La gigantografia del matrimonio abruzzese visto con gli occhi e il pennello di Pasquale Celommi, è il metro per approcciare al mondo delle tradizioni in mostra al Museo delle Genti d’Abruzzo. Un metro che diventa anche termometro propulsore di una intera cultura che nello sposalizio ritratto riassume il senso del rito. Le ragazze? Ben abbigliate, ma scalze e ricolme di ori ad ornare ma anche ad allontanare il male con i loro rumori; basti vedere il basto nuziale impreziosito dai sonagli in cima. Le calze? Strano siano state dimenticate dall’artista nato a metà dell’800 a Roseto degli Abruzzi in una modesta famiglia di artigiani e pescatori. Il padre? Faceva il ciabattino. Fatto è che la riproduzione del quadro indica chiaramente come le spose preferivano colori pastello, almeno fino agli inizi del Novecento. Un’inversione di rotta lo testimonia Scanno, quando si presentavano all’altare con colori scuri per far risaltare i monili. Il bianco? Beh, si deve a Maria e all’Immacolata Concezione, che si portò dietro l’eredità da Iside e anche il suo manto stellato. Bene, questo è solo uno dei tanti momenti di cultura che trovano spazio e attenzione nel Museo in via delle Caserme 24 a Pescara. L’ho visitato durante il tour Abruzzo Food Experience (@cciachpe).

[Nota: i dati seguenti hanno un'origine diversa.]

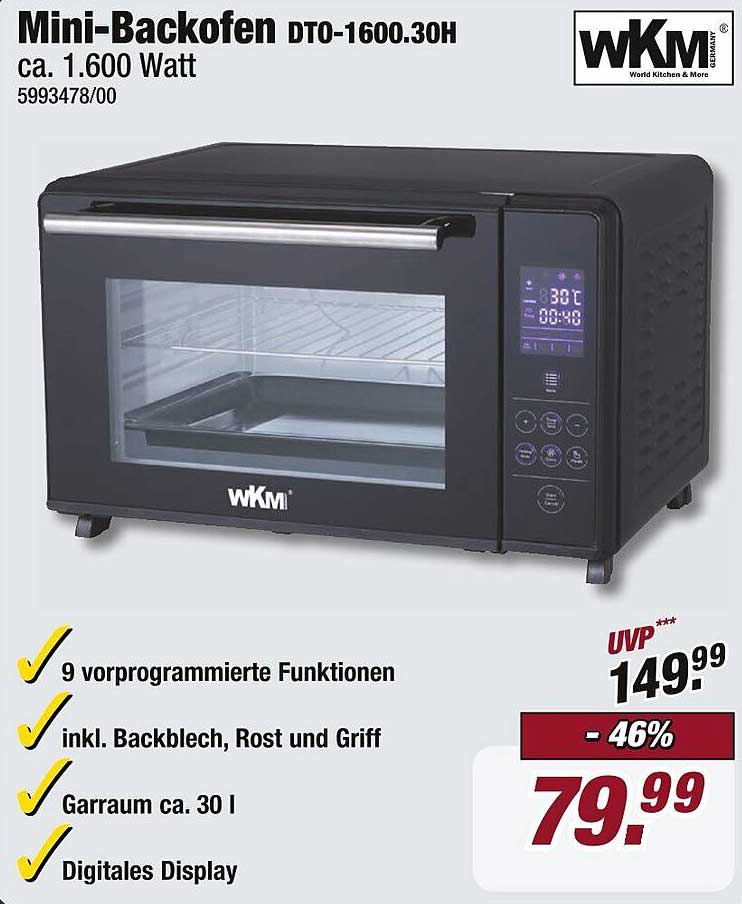 Mini-Backofen DTO-1600.30H ca. 1.600 Watt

Di primo impatto la maestosità mi ha spaventata, ma lo storico d’arte Christian Dolente come guida ha reso la visita curiosa, rapida e soprattutto leggera. Nonostante sia partito da due esempi di sepoltura neolitica ritrovati in località Villa Badessa, vicino Rosciano (Pe), quando si pensava che i defunti tornassero nel ventre della dea Madre Terra con la speranza di tornare a nuova vita. Il resto è impossibile da riassumere: sono oltre 4000 i reperti. Vale la pena andarci di persona.